Os dois detetives sacudiram a cabeça.
– Bem, sr. Holmes, se isso é verdade, saímos de um mistério e entramos em outro – disse o inspetor de Londres.
– E, de certa forma, um mistério pior – acrescentou White Mason. A senhora nunca esteve na América em toda a sua vida. Que ligação ela poderia ter com um assassino americano que fizesse com que o acobertasse?

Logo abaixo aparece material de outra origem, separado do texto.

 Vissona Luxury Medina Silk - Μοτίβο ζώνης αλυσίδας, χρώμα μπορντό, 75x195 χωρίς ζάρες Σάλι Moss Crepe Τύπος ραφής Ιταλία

– Eu reconheço as dificuldades – disse Holmes. – Pretendo fazer uma investigação sozinho hoje à noite, e talvez isso possa esclarecer alguma coisa.
– Podemos ajudá-lo, sr. Holmes?
– Não, não! Trevas e o guarda-chuva de Watson. Meus desejos são simples. E Ames, o leal Ames. Não há dúvida de que ele me fará essa concessão. Todas as minhas linhas de pensamento me levam de volta a uma pergunta básica: por que um homem de porte atlético desenvolve seu físico com um aparelho tão incomum quanto o halter simples?
Já era bem tarde da noite quando Holmes voltou de sua investigação solitária. Dormíamos num quarto com duas camas, que foi a melhor coisa que a hospedaria pôde nos arranjar. Eu já estava dormindo quando fui meio despertado pela entrada dele.
– Como é, Holmes – eu murmurei –, descobriu alguma coisa?
Ele ficou ao meu lado em silêncio, com a vela na mão. Depois, aquela figura alta e magra se inclinou na minha direção.
– Watson – ele sussurrou – você teria medo de dormir no mesmo quarto com um lunático, um homem de miolo mole, um idiota que perdeu o juízo?
– De modo algum – eu respondi, perplexo.
– Que sorte – ele disse, e não pronunciou nem mais uma palavra naquela noite.